Poetry analysis + yes I'm coming back

An update on my decision for next year: after prayer and analysis I'm sticking to the plan of returning to study at UW until graduation (in a year or slightly longer). I'm definitely open to the possibility of coming back for another year of STINT however.

I came across an excerpt from this folk poem/song by Sidney Carter in "The Jesus I Never Knew" by Philip Yancey (recommended reading) and was intrigued enough to find the full text online:

It was on a Friday morning that they took me from the cell,
And I say they had a carpenter to crucify as well.
You can blame it on to Pilate, You can blame it on the Jews,
You can blame it on the devil, It's God I accuse.

CHORUS:
It's God they ought to crucify. instead of you and me.
I said to the carpenter, a-hanging on the tree.

You can blame it on to Adam, You can blame it on to Eve,
You can blame it on the apple, but that I can't believe.
It was God that make the devil, and the woman and the man,
And there wouldn't be an apple if it wasn't in the plan.

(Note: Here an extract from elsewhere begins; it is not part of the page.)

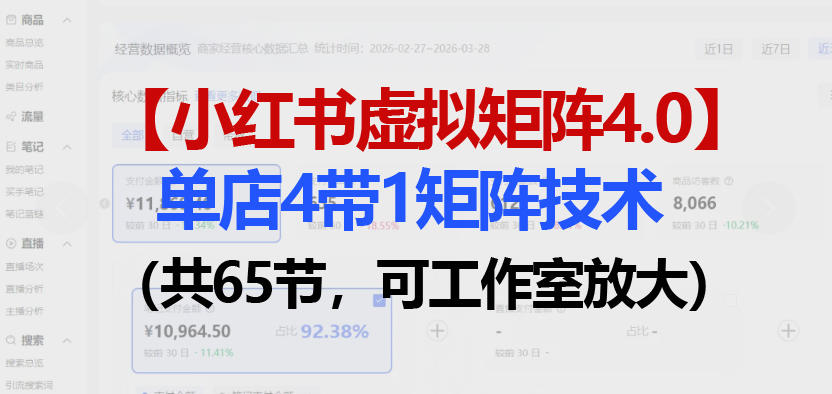 小红书虚拟矩阵4.0技术:单店4带1矩阵(共65节,可工作室放大)-网赚副业网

Now Barrabas was a killer, and they let Barrabas go.
But you are being crucified for nothing here below.
But God is up in heaven and he doesn't do a thing,
With a million angels watching, and they never move a wing.

To hell with Jehovah, to the Carpenter I said;
I wish that a carpenter had made this world instead.
Goodbye and good luck to you, our way will soon divide.
Remember me in heaven, the man you hung beside.


What sticks out to me is not the poem's accusation so much as the irony therein, especially in reference to the cross. The carpenter the narrator addresses is also, in fact, creator of the world. And it was in fact God who was crucified that day. In Yancey's words, "In an incomprehensible way, God personally experienced the cross."

The fact of "a million angels watching, and they never move a wing" is at that moment actually a miraculous display of mercy and restraint as they waited at the call of the carpenter to wreck havoc on the world and take Him off that cross. By that grace of Jesus' restraint God finished his work of redemption for the world in Christ's death in our place so we can stand justified before the Father.



http://www.guardian.co.uk/obituaries/story/0,3604,1170682,00.html for more info on the author.

4 comments:

khakhalin said...

Thanks for the lyrics! I also read this book, and was intrigued by the short poem. The full text is even better then the extract.

The last verse I found a bit more disturbing then the others... But the author has her right to write it as she feels, certanly. Anyway, that's a great poem.

Anonymous said...

That would be, the author has a right to write it the way HE feels... In any case, the poet is writing from the viewpoint of the thief on the cross, not necessarily his own.

Also, in many Christian churches, the creed is recited: "He was crucified, dead and buried. He descended into hell..." And so, "To hell with Jehovah!" is another deep irony; it was the curse he bore for us that Jesus/Jehovah did indeed go to hell.